Au fil de son histoire et des observations qu’il fait en tant que “nouveau Noir”, il dénonce un phénomène étonnant : les préjugés des Blancs sont si vivaces qu’ils s’imposent jusque dans les esprits opprimés. Ainsi, plus un Noir est clair, plus il a tendance à se croire supérieur aux autres Noirs. Les individus les plus foncés sont donc doublement stigmatisés, par les Blancs et les Noirs ! Résultat, la communauté noire est à l’époque peu soudée, peu organisée, et de ce fait mal armée pour opposer une quelconque résistance à l’oppression. Pire : faute d’une plus grande solidarité, les rares actes de rébellion face à la tyrannie blanche sont des initiatives bien souvent individuelles, irréfléchies et violentes. Bref, tout est prétexte à alimenter l’idée reçue selon laquelle le Noir est moins intelligent, moins organisé, donc moins humain que le Blanc. En n’étant pas plus proches les uns des autres, les Noirs se tirent une balle dans le pied.

Griffin dénonce aussi l’existence d’un appareil juridique et législatif profondément injuste : quand ils ne refusent pas explicitement aux Noirs certains droits fondamentaux, ils les écrasent de dettes pour les maintenir en perpétuel état de pauvreté (donc de manque d’instruction, donc de précarité professionnelle, donc de marginalisation, etc.). C’est un parfait engrenage infernal. Et ce n’est pas fini ! Ainsi soumis aux humiliations et à l’injustice, les Noirs n’ont pas de vernis social, contrairement aux Blancs dont les manières en société suivent certains codes bien précis. Cette absence de “masque”, considérée comme critère d’inhumanité, les rend d’autant plus “primaires” aux yeux des Blancs. C’est pourtant bien ce dépouillement, cette simplicité que le narrateur admire et appelle “humanité” chez les Noirs qu’il rencontre. Même au comble de la misère, le Noir, incapable de s’encombrer de pudeur ou d’avarice dans une telle atmosphère d’oppression, partage son pain, son logis et son intimité.

Le Noir, donc, est généreux dans sa détresse ; générosité exagérée à l’extrême dans certains films sur le sujet de l’Apartheid. On est pourtant bien loin de l’image émouvante du Noir éperdu de reconnaissance face au premier Blanc venu qui leur tendrait la main. Griffin relate quelques anecdotes démontrant à quel point la frontière entre les deux races est palpable, d’un côté comme de l’autre.
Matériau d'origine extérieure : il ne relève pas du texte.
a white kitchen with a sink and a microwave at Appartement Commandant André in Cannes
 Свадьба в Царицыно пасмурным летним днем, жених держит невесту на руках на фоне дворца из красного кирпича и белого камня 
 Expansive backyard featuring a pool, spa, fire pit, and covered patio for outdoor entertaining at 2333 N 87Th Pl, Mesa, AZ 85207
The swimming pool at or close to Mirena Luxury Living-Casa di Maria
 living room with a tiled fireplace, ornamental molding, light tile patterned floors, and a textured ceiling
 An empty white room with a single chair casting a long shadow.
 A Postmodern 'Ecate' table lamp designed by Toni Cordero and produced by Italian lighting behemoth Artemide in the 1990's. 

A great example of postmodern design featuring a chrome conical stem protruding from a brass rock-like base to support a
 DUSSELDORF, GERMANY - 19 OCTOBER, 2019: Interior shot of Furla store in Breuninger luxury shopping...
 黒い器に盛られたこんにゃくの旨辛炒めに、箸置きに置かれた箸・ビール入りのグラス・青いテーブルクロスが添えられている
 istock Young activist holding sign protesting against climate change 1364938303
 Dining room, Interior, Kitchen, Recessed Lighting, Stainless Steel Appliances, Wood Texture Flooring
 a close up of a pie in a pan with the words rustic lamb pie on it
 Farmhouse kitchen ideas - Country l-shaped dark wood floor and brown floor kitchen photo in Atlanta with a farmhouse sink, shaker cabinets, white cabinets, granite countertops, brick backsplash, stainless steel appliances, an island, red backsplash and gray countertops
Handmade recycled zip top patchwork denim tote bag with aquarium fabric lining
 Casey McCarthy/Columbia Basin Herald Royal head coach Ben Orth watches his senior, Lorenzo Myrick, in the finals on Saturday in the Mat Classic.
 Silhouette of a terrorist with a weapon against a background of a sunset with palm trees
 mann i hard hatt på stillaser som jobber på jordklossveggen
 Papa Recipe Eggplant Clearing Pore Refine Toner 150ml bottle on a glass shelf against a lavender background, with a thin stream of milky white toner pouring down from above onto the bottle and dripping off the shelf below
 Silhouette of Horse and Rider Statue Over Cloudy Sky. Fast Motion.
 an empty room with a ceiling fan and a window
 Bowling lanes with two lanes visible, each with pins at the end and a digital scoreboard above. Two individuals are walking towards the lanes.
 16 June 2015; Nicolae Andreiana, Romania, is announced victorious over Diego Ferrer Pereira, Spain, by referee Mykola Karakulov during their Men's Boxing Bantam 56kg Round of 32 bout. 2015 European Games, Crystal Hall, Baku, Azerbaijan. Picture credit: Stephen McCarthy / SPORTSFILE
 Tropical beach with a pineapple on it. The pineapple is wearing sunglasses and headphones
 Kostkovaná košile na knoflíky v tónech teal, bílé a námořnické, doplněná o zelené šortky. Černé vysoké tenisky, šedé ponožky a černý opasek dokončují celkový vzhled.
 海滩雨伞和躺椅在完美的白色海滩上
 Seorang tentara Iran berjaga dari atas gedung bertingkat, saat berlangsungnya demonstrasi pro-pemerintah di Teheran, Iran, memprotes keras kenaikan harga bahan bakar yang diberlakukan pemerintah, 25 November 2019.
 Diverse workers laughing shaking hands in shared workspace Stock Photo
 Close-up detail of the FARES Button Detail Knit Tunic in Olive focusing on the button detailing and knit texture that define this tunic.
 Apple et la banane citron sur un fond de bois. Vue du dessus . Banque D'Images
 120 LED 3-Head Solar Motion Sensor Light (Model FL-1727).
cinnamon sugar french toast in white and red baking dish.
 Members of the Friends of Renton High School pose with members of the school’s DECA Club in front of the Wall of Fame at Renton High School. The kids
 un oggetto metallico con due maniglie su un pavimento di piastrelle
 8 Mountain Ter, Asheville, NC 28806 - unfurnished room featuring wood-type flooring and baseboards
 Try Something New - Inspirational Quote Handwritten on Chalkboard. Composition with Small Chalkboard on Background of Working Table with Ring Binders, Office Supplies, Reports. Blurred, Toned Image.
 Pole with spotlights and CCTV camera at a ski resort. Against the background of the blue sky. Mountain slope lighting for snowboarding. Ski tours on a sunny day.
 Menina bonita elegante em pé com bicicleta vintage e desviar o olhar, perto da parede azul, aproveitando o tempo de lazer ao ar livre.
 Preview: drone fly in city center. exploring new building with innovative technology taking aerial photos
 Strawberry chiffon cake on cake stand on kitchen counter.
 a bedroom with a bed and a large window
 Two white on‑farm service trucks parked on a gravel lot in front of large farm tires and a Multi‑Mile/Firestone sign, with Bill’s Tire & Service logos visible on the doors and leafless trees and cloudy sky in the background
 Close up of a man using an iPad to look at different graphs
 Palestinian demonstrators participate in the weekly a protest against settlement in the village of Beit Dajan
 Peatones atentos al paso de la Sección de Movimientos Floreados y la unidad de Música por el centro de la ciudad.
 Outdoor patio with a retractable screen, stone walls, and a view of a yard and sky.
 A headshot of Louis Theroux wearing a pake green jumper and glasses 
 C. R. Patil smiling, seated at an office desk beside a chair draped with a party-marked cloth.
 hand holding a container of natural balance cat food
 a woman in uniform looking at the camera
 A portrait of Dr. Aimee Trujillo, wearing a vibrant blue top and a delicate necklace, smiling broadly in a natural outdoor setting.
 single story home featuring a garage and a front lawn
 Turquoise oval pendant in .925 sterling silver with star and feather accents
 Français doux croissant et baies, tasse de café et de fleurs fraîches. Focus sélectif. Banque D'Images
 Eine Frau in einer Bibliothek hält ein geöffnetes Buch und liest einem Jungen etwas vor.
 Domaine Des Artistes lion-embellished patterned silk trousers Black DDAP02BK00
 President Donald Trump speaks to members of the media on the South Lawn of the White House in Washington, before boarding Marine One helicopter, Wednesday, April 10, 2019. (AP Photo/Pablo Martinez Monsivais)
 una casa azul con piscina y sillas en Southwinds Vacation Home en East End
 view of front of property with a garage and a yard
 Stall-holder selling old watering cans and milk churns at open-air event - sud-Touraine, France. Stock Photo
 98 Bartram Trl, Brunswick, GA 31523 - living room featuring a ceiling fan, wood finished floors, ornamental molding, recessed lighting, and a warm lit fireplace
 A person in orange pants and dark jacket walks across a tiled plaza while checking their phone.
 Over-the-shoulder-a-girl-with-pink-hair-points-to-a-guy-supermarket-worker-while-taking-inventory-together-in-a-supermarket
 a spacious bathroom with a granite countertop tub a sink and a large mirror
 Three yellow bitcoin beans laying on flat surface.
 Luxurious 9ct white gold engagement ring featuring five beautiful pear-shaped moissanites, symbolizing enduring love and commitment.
Toute tentative de fraternisation est vouée à l’échec ; le Noir a trop souffert pour faire confiance à un Blanc, il reste sur la défensive ou oppose l’inertie face à toute tentative d’approche.

Enfin, Griffin fait l’expérience éprouvante de la persécution par tous ceux qui l’auraient respecté en tant que Blanc. Il subit l’indifférence hautaine, la condescendance, le mépris, le dégoût, et comprend enfin ce que signifie “être noir” aux Etats-Unis. Pour avoir osé cette expérience bouleversante et l’avoir racontée, bousculant l’un des plus gros tabous de sa société, il s’est exposé à de gros dangers et dut essuyer plusieurs menaces de mort. Il n’empêche que son livre a été très remarqué bien au-delà des frontières américaines.

 

Ce récit analyse le phénomène du racisme aux États-Unis mais offre également une dimension beaucoup plus universelle, d’où son succès retentissant : il rappelle que face à l’injustice et aux failles d’un système, il a toujours existé, au milieu d’une majorité soumise, quelques braves acceptant de donner de leur personne pour se consacrer au rétablissement du Bien.